Have you seen a similar problem before? Do you know a related problem? Is the problem a collection of smaller problems you can solve more easily? Let’s make a plan.

Now it’s time to attack the problems using the tools in our arsenal. For each step making sure we are doing it correctly. Can we prove that our solution is correct?

A thorough exploration of the basics of arithmetic, including fractions, exponents and decimals. Will include basic number theory and algebra.

Basic concepts in algebra, including exponents and radicals, linear equations and inequalities, ratio and proportion, systems of linear equations, factoring quadratics, complex numbers, completing the square and the quadratic formula.

Fundamentals of counting and probability, multiplication, permutations, combinations, Pascal’s triangle, probability, combinatorial identities, and the Binomial Theorem.

Fundamental principles of number theory, including primes and composites, divisors, and multiples, divisibility, remainders, modular arithmetic, and number bases.

Fundamentals of geometry, including angles, triangle similarity and congruence, complicated area problems, special quadrilaterals, polygons, the art of angle chasing, power of a point, 3-dimensional geometry, transformations, analytic geometry, basic trigonometry, geometric proof, and more.

We’ll cover all the math that is usually covered in an advanced high school curriculum + some university level math.

These are the tools we use.

Good old paper and pencil is all you need to do math. If you want to get fancy you can use a pen and notepad.

Using a calculator is completely fine and encouraged. As you’ll see though, a calculator won’t always help you as much as you think.

In this track, we’ll be using the Art of Problem Solving textbooks. Why? Because they create the best math curriculum and textbooks that we have found.
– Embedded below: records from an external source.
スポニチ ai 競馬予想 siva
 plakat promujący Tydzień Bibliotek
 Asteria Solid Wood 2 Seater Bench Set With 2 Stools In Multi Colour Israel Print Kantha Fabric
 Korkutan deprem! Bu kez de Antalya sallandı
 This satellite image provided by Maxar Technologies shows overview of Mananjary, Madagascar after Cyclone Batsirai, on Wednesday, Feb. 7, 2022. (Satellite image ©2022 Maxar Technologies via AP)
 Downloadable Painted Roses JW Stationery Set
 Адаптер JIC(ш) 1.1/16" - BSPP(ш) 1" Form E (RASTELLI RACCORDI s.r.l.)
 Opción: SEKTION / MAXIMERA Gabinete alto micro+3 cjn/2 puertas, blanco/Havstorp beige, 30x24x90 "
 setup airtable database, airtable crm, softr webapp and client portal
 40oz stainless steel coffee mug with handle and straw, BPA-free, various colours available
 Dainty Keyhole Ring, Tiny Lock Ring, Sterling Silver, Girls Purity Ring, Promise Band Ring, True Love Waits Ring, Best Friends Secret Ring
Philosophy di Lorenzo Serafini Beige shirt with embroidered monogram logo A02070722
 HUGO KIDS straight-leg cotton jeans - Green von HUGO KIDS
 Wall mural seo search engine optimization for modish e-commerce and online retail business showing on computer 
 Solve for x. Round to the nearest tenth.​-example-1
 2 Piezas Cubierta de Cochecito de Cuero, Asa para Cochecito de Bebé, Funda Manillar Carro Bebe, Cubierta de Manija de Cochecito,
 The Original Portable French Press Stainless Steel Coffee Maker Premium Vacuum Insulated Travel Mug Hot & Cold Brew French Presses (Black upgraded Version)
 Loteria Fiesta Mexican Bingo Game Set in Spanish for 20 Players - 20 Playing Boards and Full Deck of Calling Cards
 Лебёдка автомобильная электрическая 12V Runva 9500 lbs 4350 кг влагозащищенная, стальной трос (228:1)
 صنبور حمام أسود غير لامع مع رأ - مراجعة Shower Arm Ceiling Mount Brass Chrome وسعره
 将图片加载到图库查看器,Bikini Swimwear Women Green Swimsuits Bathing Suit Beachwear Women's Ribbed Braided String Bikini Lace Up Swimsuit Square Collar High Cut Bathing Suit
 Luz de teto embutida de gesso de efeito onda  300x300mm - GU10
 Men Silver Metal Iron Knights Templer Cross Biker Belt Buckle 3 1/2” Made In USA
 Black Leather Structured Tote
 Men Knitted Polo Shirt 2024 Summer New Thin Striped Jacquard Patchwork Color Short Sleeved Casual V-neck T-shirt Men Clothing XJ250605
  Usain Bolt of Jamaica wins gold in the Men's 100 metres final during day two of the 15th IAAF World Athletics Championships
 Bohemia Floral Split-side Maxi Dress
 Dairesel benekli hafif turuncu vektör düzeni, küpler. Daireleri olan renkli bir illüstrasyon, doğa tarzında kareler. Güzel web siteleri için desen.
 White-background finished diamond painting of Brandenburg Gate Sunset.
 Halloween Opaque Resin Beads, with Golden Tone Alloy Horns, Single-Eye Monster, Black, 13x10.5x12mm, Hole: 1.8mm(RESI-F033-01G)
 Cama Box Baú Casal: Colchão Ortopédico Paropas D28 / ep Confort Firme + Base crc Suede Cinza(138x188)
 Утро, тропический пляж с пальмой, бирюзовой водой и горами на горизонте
Every topic that we learn in mathematics was once unknown to mankind. It’s thanks to the effort of thousands of mathematicians that we have algebra, calculus, statistics and everything else. And all of these fields in math came to be because mathematicians wanted to solve interesting problems. Unfortunately, the spirit of math is not alive in most schools today. Students are given theory to absorb and memorize and asked to solve exercises that are variations of the textbook examples. Math is about discovery. We believe teaching math is allowing the students to discover things by themselves. If students are presented with well designed problems, they will make the right connections in their heads. That is much more powerful than any lecture or example, where someone else does it for them. And best of all, they will truly understand what they are doing and remember it.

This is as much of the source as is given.